▸ **TRY IT**:
Find where "drift Car Air" appears in the entries below. That line and all lines after it, through the last, are to be duplicated exactly, with nothing else.

***** RECORD SET *****

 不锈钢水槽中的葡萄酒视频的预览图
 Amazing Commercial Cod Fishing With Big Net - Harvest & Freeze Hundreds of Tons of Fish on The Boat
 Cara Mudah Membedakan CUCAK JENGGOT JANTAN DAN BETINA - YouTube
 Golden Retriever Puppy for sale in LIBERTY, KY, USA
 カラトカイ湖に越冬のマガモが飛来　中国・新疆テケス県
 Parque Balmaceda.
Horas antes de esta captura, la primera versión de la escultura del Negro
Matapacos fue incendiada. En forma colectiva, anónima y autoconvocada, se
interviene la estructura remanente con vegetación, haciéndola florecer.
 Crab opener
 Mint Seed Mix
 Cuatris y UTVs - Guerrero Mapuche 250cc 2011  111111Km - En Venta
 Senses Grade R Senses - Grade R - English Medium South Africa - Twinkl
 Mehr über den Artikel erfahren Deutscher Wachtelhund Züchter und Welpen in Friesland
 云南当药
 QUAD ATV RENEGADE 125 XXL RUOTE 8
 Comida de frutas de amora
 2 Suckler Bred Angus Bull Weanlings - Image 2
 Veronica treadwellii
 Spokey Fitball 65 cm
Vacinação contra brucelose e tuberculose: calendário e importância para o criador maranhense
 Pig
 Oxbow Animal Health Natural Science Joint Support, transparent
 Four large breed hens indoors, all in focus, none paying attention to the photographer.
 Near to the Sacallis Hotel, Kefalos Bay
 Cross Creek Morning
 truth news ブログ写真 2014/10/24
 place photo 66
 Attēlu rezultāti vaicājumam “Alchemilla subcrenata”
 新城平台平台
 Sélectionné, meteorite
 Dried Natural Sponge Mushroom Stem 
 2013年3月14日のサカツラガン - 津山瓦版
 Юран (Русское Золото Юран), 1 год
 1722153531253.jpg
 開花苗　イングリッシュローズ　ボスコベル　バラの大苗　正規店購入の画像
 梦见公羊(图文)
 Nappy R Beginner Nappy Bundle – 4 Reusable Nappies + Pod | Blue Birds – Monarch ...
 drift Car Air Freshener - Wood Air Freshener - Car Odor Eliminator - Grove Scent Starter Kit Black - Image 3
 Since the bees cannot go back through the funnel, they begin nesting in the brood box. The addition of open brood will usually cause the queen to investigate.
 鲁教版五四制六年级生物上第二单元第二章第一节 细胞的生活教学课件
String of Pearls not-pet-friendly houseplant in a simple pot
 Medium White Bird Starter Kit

*****

▸ **YOUR RESPONSE**:
 drift Car Air Freshener - Wood Air Freshener - Car Odor Eliminator - Grove Scent Starter Kit Black - Image 3
 Since the bees cannot go back through the funnel, they begin nesting in the brood box. The addition of open brood will usually cause the queen to investigate.
 鲁教版五四制六年级生物上第二单元第二章第一节 细胞的生活教学课件
String of Pearls not-pet-friendly houseplant in a simple pot
 Medium White Bird Starter Kit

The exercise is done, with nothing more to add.